|Name||All Saints Church of England Primary School|
|Ofsted Inspection Rating||Good|
|Inspection Date||17 April 2013|
|Address||1 Little Horton Green, Bradford, West Yorkshire, BD5 0NG|
|Religious Character||Church of England|
|Number of Pupils||682 (49% boys 51% girls)|
|Number of Pupils per Teacher||22.3|
|Percentage Free School Meals||25.8%|
|Percentage English is Not First Language||87.1%|
Information about this school
This is larger than the averaged-sized primary school. Most pupils are of Pakistani heritage. The next sizeable group of pupils are of Bangladeshi heritage. A much higher proportion than average speak English as an additional language. A high proportion of pupils are supported by the pupil premium, which provides additional funding for children in local authority care, pupils known to be eligible for free school meals and the children of forces families. The proportion of pupils supported through school action is well above average. The proportion supported at school action plus or with a statement of special educational needs is low. The school meets the government’s current floor standards, which set the minimum expectations for pupils’ attainment and progress. Reception and Year 1 classes are educated on another off-site building near the school. There is a lack of space in the main school building due to the current expansion of the school from two- to three-form entry.

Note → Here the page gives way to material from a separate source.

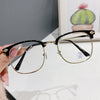 WOMEN'S FASHIONABLE METAL HALF FRAME ANTI-BLUE LIGHT READING GLASSES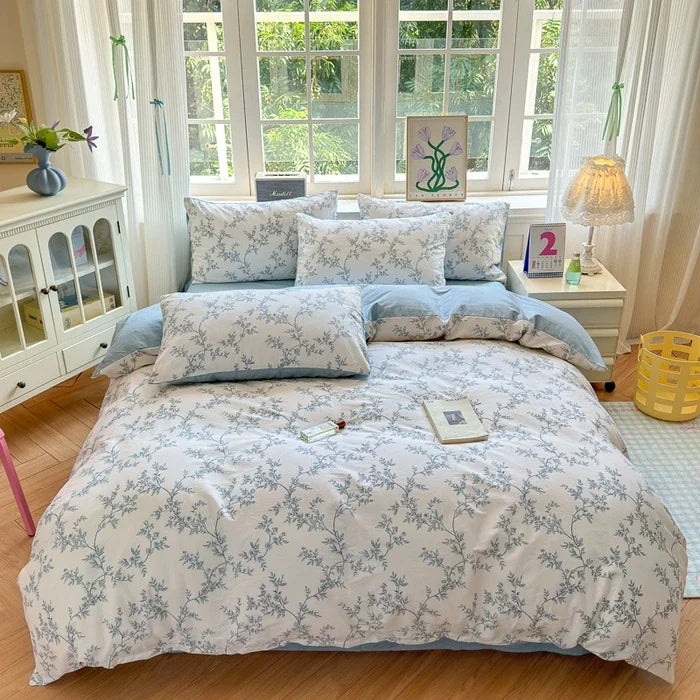 ensemble literie floral vintage 100 coton blanc rose vert bleu beige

Summary of key findings for parents and pupils
This is good school. Leadership and management are good. The headteacher and leaders at all levels, including governors, have improved the quality of teaching and pupils’ achievement, despite major structural changes to the school. They have coped well with moving to a new school site since the last inspection. They are currently managing very well, the expanding number of classes in the school on two sites, due to the rise in pupil numbers. Pupils’ achievement is good and improving. This is because the quality of teaching is now good. The school makes good use of teachers’ skills and work with other schools and experts in education, to improve the quality of teaching. Lessons are interesting and encourage pupils to work well with each other. Teachers develop pupils’ listening and speaking skills well. Learning is well supported by trips out and visitors to school, to keep pupils motivated and further support their learning. Behaviour is good. Pupils from a wide range of backgrounds get on well with each other and with all adults in the school. They enjoy learning about each other’s cultures and backgrounds. As a result, they demonstrate good spiritual, moral, social and cultural development. The school is a safe, calm and orderly place. Pupils are happy and feel safe at the school. It is not yet an outstanding school because : Not enough teaching is outstanding to help pupils reach higher standards. Areas for improvement from checks on lessons judged as good are not followed up well enough to ensure more teaching is outstanding. Not enough pupils are reaching the expected standards at the end of Year 6 in reading. Teachers do not regularly ensure that pupils have work which is well matched to their needs early in the lesson. Marking is not consistently good across the school and pupils are not given enough opportunities to respond to marking. Teaching assistants are not used well enough in lessons, to provide support to pupils to move them on more quickly in their learning. The outdoor environment is not being used enough to further develop pupils’ learning.